If you don’t change the port number for VCA communications, it defaults to UDP 9023. This can be changed with the cluster port command. However, if you change the port number on one member, you must make the same change on every member of the cluster.

Tip

If you want to set up two clusters in the same subnet, changing the port number in one set logically separates the two clusters. Clients then need to know a virtual IP address in either of the clusters to connect, and then load balancing will occur within the connected cluster.

Optionally you can encrypt the VCA messages by configuring an encryption key. This is done with the cluster key command. Encryption is disabled by default. If you enable encryption, the key you use must be the same on each cluster member.
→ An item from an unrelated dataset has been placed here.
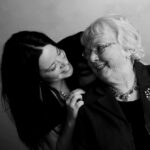 「ためらわずに」を英語でどう表現する?:決断や行動に関する英語フレーズ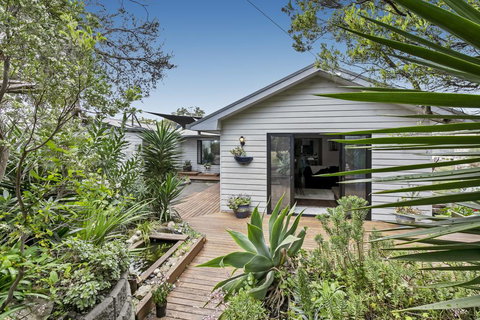 The Rye Tree House - New Castle Holiday 0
The last command just listed, participate, enables load balancing on the ASA. Once enabled, it will generate VCA messages on the lpublic and lprivate interfaces to discover other cluster members and to participate in load balancing.

Clustering Example

I’ll use the network shown previously in Figure 17-3 to illustrate how cluster is configured. In the following example, I’m setting up the master, which is ASA1:

ciscoasa(config)# vpn load-balancing
ciscoasa(config-load-balancing)# interface lbpublic outside
ciscoasa(config-load-balancing)# interface lbprivate inside
ciscoasa(config-load-balancing)# cluster ip address 192.1.1.4
ciscoasa(config-load-balancing)# priority 10
ciscoasa(config-load-balancing)# cluster encryption
ciscoasa(config-load-balancing)# cluster key VCAsecretKEY
ciscoasa(config-load-balancing)# participate

For other cluster members, probably the only difference in their configuration will be the priority that you configure, which should be smaller than the master priority.